* Problem:
Every entry should come back exactly as written, minus the pictures.

(Text-to-region grounding data)
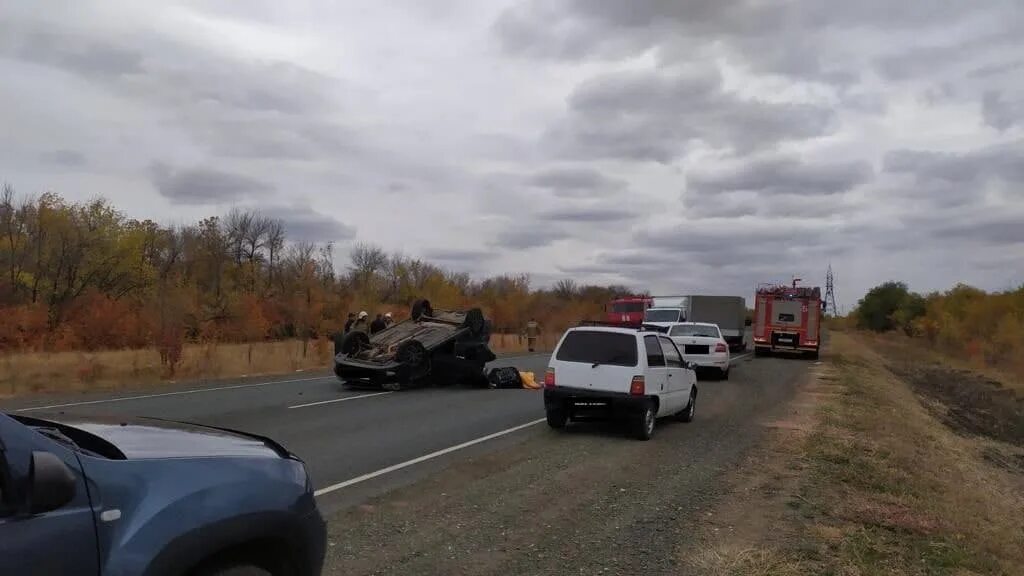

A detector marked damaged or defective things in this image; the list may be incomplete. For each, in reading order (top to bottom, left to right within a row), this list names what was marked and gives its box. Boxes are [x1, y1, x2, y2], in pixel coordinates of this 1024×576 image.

overturned car [336, 300, 496, 390]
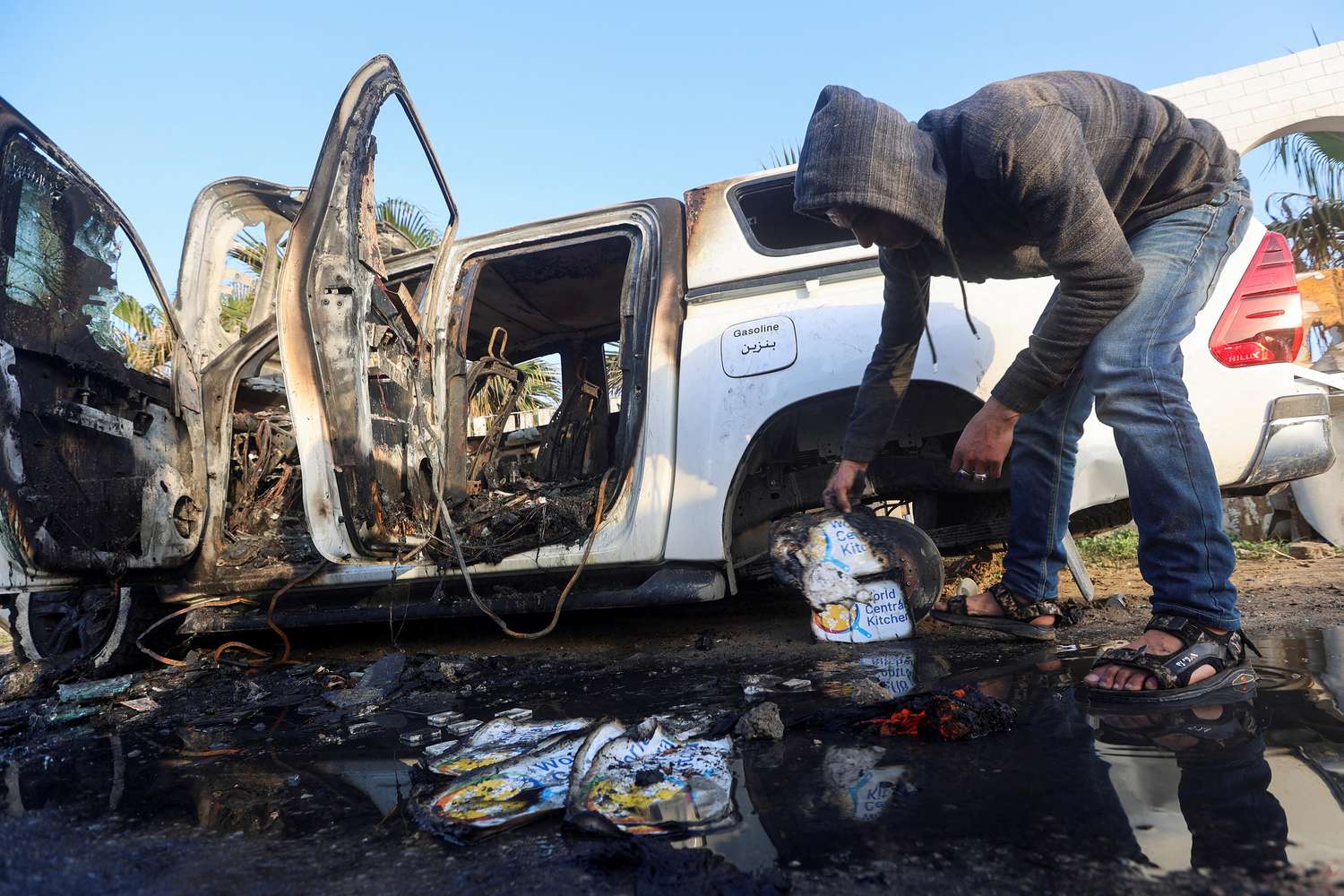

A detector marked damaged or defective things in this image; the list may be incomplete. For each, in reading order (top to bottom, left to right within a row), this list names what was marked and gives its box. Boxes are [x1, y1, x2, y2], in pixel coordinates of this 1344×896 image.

shattered windshield [0, 134, 170, 381]
charred truck door [0, 101, 204, 585]
charred truck door [275, 56, 460, 561]
burned pickup truck [0, 56, 1328, 668]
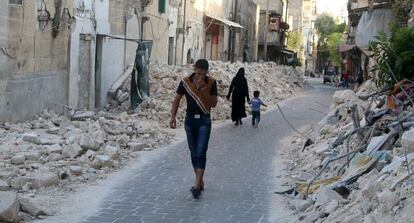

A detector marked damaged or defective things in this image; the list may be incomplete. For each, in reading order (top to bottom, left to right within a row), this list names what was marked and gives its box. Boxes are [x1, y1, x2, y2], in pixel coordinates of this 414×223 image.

broken concrete block [62, 143, 83, 159]
broken concrete block [316, 186, 342, 207]
broken concrete block [0, 192, 19, 223]
broken concrete block [18, 198, 45, 217]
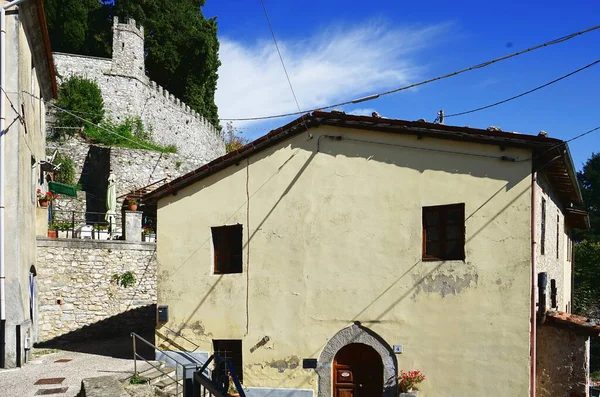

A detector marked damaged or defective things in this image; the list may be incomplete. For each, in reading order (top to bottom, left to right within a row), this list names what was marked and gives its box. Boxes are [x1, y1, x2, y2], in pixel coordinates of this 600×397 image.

cracked plaster wall [155, 125, 536, 394]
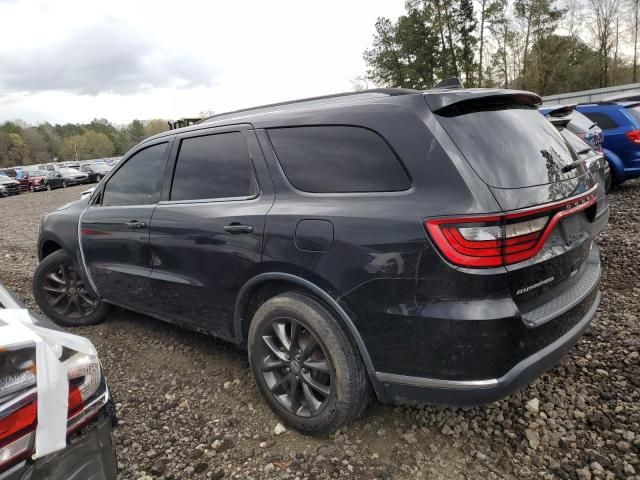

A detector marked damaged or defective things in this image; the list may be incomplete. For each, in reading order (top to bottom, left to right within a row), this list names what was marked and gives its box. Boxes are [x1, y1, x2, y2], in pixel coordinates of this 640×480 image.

damaged white car [0, 284, 116, 478]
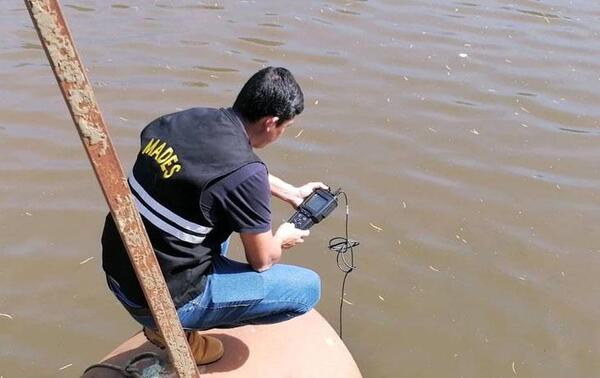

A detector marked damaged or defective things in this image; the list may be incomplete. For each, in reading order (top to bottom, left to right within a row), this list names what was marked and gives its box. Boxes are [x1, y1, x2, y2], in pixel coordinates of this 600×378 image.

rusty metal pipe [23, 1, 199, 376]
rusty metal pole [24, 1, 199, 376]
peeling paint on pole [24, 1, 199, 376]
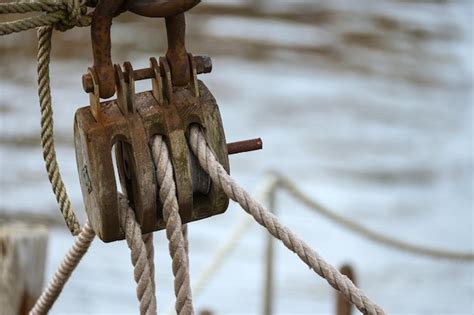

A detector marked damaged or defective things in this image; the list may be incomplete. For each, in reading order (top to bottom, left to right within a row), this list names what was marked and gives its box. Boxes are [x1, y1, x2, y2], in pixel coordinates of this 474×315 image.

rusty metal fitting [82, 55, 212, 94]
rusty bolt [83, 55, 213, 94]
rusty bolt [227, 139, 262, 156]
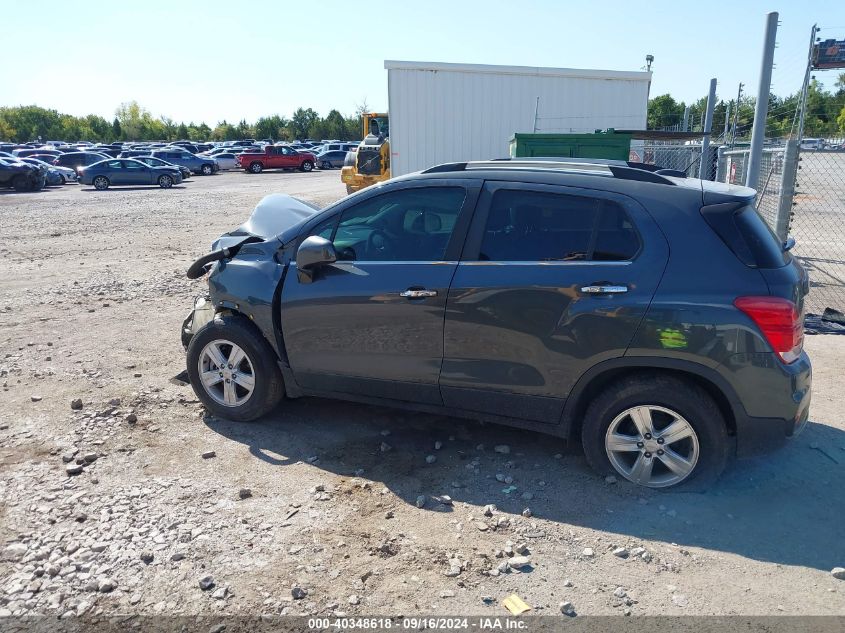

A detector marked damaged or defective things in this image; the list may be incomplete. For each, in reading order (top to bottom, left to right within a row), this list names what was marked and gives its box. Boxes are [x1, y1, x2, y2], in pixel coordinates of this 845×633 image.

crumpled hood [210, 194, 320, 251]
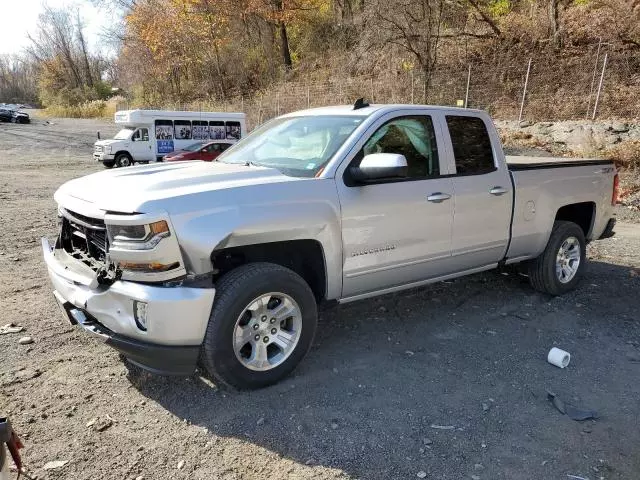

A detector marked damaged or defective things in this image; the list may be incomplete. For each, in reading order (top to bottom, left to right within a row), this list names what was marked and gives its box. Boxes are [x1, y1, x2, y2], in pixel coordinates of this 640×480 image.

damaged front bumper [43, 236, 218, 376]
broken headlight assembly [108, 221, 172, 251]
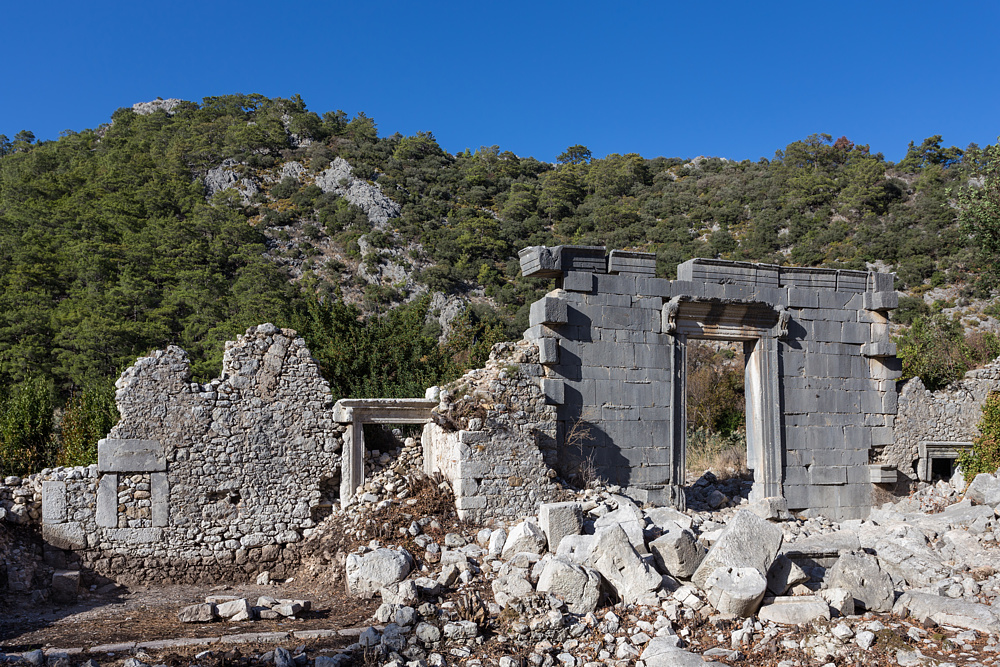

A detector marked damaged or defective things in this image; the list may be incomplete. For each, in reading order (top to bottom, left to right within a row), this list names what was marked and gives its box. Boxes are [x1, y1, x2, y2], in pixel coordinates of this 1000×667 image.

broken wall [41, 324, 346, 584]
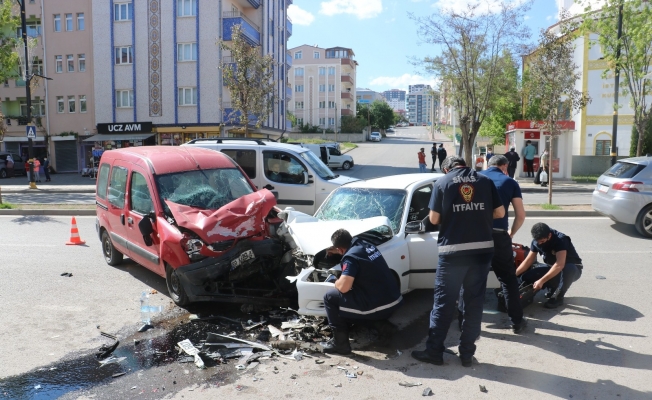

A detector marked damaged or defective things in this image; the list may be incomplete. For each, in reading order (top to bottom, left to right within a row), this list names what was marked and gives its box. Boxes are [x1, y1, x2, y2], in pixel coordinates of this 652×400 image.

shattered windshield [296, 150, 334, 180]
shattered windshield [154, 169, 253, 211]
crumpled hood [167, 189, 276, 242]
crumpled hood [282, 208, 390, 255]
shattered windshield [314, 188, 404, 234]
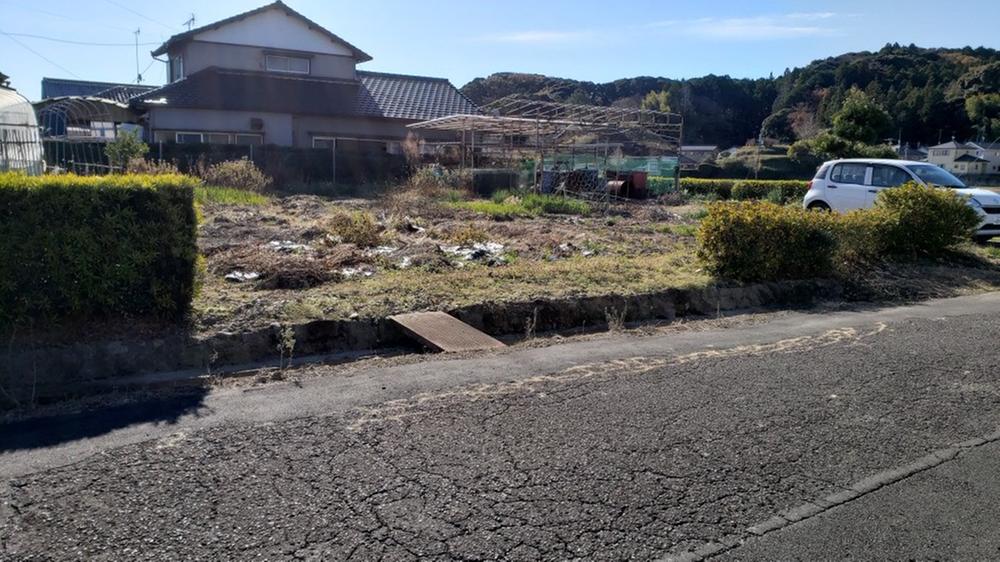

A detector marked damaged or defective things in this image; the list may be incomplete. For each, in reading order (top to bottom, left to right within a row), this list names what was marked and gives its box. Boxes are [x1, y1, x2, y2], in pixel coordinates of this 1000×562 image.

cracked asphalt road [1, 296, 1000, 556]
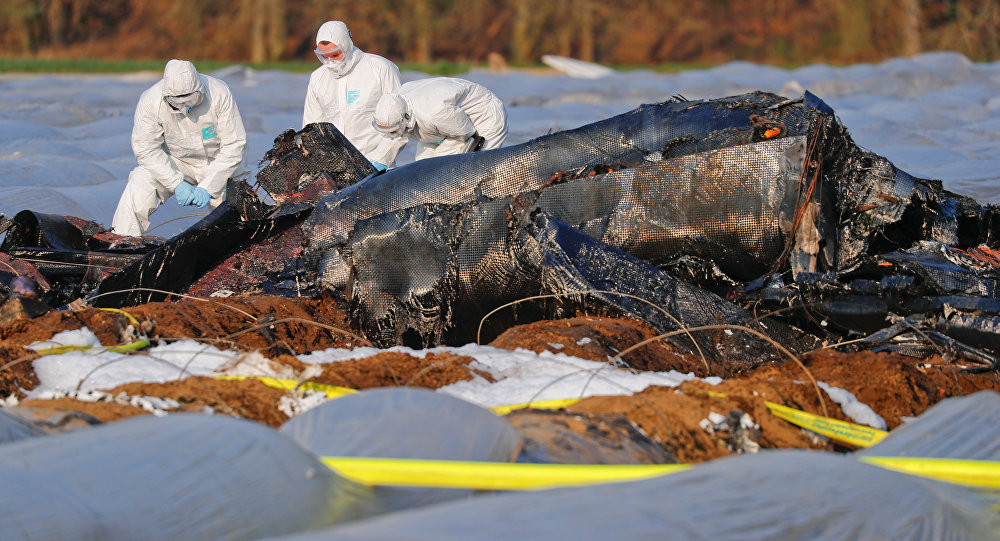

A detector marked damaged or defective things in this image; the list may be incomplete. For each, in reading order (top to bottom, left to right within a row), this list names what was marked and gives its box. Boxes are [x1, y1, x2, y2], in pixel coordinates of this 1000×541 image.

burnt wreckage [0, 92, 996, 372]
charred debris [0, 93, 996, 372]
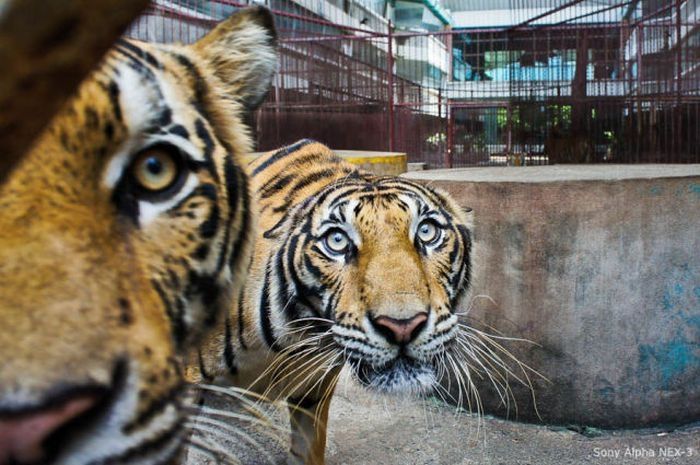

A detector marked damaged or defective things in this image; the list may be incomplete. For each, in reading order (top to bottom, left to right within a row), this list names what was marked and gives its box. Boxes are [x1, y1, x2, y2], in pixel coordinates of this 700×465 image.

rusty metal surface [0, 0, 148, 184]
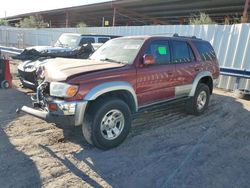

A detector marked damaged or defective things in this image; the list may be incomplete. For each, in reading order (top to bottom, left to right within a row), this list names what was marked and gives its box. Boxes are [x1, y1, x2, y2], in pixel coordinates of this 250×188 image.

crumpled hood [44, 57, 126, 81]
damaged front bumper [19, 100, 88, 126]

* Answer:
A detector marked damaged or defective things in this image; the list may be incomplete. For each, in reading order (top to bottom, left to right within a row), this list names what was marked and gives its box. Boxes are [x1, y1, x2, y2], in pixel coordinates of this 1024×576 image.

overturned car [336, 300, 496, 390]

A detector marked damaged or defective things in this image; the list may be incomplete. For each, in reading order (top to bottom, left to right within a row), this list names what was marked and gives its box. Boxes are [x1, y1, x2, y2], in pixel coordinates of this 1344×896 image.

shattered windshield [0, 134, 170, 381]
charred truck door [0, 101, 204, 585]
charred truck door [275, 56, 460, 561]
burned pickup truck [0, 56, 1328, 668]

A detector marked damaged or defective things in this image; the list may be incomplete. For each, in reading order (top to bottom, left to right within a row), this list names what was marked and gives its box. Boxes are [x1, y1, x2, y2], in pixel coordinates of this 414×223 image.

broken concrete block [62, 143, 83, 159]
broken concrete block [316, 186, 342, 207]
broken concrete block [0, 192, 19, 223]
broken concrete block [18, 198, 45, 217]

A detector marked damaged or defective things in this image; the list may be incomplete. For each, in reading order (top to bottom, left to right within a row), this list names what was marked and gives its box. Boxes are [x1, y1, x2, y2], in pixel coordinates of this 600×397 image.

cracked plaster wall [155, 125, 536, 394]

A detector marked damaged or defective things in this image; the list may be incomplete. For each, in reading order (top to bottom, left to right within a row), this list names what was marked and gives its box. Boxes are [x1, y1, x2, y2], in pixel coordinates of this 640×480 image.

damaged white car [0, 284, 116, 478]

A detector marked damaged or defective things in this image; the list may be incomplete. For each, in reading order (top to bottom, left to right within a row), this list names what was marked and gives its box. Boxes are [x1, y1, x2, y2], in pixel coordinates of this 600×378 image.

rusty metal pipe [23, 1, 199, 376]
rusty metal pole [24, 1, 199, 376]
peeling paint on pole [24, 1, 199, 376]

A detector marked damaged or defective things in this image; the list may be incomplete. For each, in reading order (top to bottom, left to right within a row), this list names what was marked and gives its box. Boxes are [x1, y1, x2, y2], in pixel coordinates of this 474×315 image.

rusty metal fitting [82, 55, 212, 94]
rusty bolt [83, 55, 213, 94]
rusty bolt [227, 139, 262, 156]

A detector marked damaged or defective things in this image; the list may be incomplete. For each, in reading order (top to bottom, left to right within a row), this list names what was marked and gives its box. Boxes are [x1, y1, x2, y2], in pixel coordinates of this 845×633 image.

crumpled hood [210, 194, 320, 251]

A detector marked damaged or defective things in this image; the list may be incomplete. For each, in reading order (top to bottom, left to right within a row), this list names what was marked and gives its box. Boxes are [x1, y1, x2, y2], in pixel coordinates of this 640×480 image.

damaged front bumper [43, 236, 218, 376]
broken headlight assembly [108, 221, 172, 251]

A detector marked damaged or defective things in this image; the list may be incomplete. For each, in reading order (top to bottom, left to right within a row), this list names what was marked and gives its box. Boxes are [x1, y1, x2, y2], in pixel coordinates of this 1000×667 image.

broken wall [41, 324, 346, 584]

A detector marked damaged or defective things in this image; the list may be incomplete. For each, in reading order (top to bottom, left to right within a row), this list names what was marked and gives its box. Boxes are [x1, y1, x2, y2], in pixel coordinates of this 652×400 image.

shattered windshield [296, 150, 334, 180]
shattered windshield [154, 169, 253, 211]
crumpled hood [167, 189, 276, 242]
crumpled hood [282, 208, 390, 255]
shattered windshield [314, 188, 404, 234]

A detector marked damaged or defective things in this image; the list may be incomplete. For each, in reading order (top to bottom, left to right within a row), this list names what was marked and gives its box. Boxes are [x1, y1, x2, y2], in pixel coordinates of this 1000×562 image.

cracked asphalt road [1, 296, 1000, 556]

A detector marked damaged or defective things in this image; the list may be incomplete. For each, in reading order (top to bottom, left to right within a row), this list names what was marked and gives its box. Boxes are [x1, y1, x2, y2], in pixel coordinates of this 1000×541 image.

burnt wreckage [0, 92, 996, 372]
charred debris [0, 93, 996, 372]

A detector marked damaged or defective things in this image; the list may be incomplete. For each, in reading order (top to bottom, left to right within a row), this list names what was marked and gives its box. Boxes are [x1, y1, x2, y2], in pixel coordinates of this 700×465 image.

rusty metal surface [0, 0, 148, 184]

A detector marked damaged or defective things in this image; the list may be incomplete. For each, in reading order (top to bottom, left to right within a row), this list names what was marked and gives its box. Boxes are [x1, y1, x2, y2], in pixel coordinates of this 250×188 image.

crumpled hood [44, 57, 126, 81]
damaged front bumper [19, 100, 88, 126]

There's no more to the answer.